$ Solve \mspace8pt (abc)^2$

Let p =(a,b,c)

STEP 1: $ \text{we can write abc} = a \times 10^2 + b \times 10 + c $

We have to square abc, Now we have $(a + b + c)^2 = a^2 +b^2 + c^2 +2ab +2bc +2ac$

STEP 2:$(a \times 10^2 + b \times 10 + c)^2 \\ = a^2 10^2 +2ab10^3 + 2ac10^2 +b^2 10^2 +2bc +c^2$

$ Let, \mspace8pt p^2 =(a \times 10^2 + b \times 10 + c)^2 \\ = a^2 10^2 +2ab10^3 + (2ac + b^2)10^2 +2bc +c^2$

STEP 3: $ p^2 =(a^2,2ab,2ac+b^2,2bc,c^2) $

In $p^2$ only the leftmost part can have more than one digit. For the rest of the parts, we need to carry over the number preceding the units digit, to the immediate left part , and add it there respectively.

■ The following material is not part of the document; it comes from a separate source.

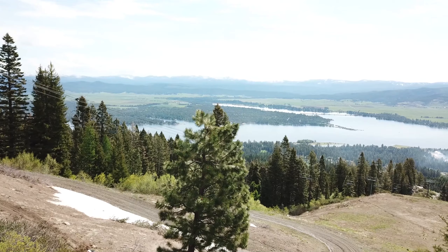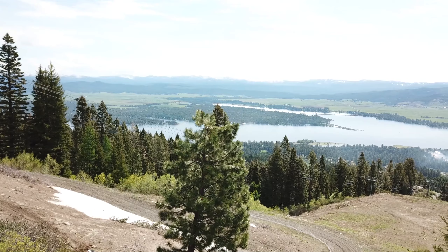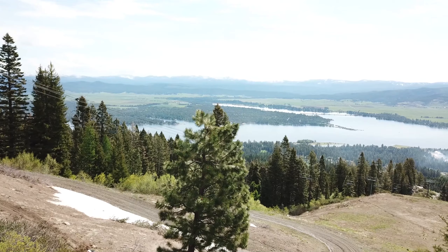We're clearing debris off the trails, making sure it's not dished out and getting them buffed out and ready for our opening day. Trail network is looking great coming out of the winter and we're pumped for a great bike season.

Example 1: Find square of 231?

STEP 3: $(2^2,2\times 2\times 3,2\times 2\times 1 + 3^2,2\times 3\times 1,1^2) \\=(4,12,13,6,1)$

Only the leftmost part can have more than one digit. For the rest of the parts, we need to carry over the number preceding the units digit, to the immediate left part , and add it there respectively.

(4,12,13,6,1) =(4,13,3,6,1)=(5,3,3,6,1)=53361

Example 2: Find square of 475?

STEP 3: $(4^2,2\times 4\times 7,2\times 4\times 5 + 7^2,2\times 7\times 5,1^2)=(16,56,89,70,25)$

Only the leftmost part can have more than one digit. For the rest of the parts, we need to carry over the number preceding the units digit, to the immediate left part , and add it there respectively.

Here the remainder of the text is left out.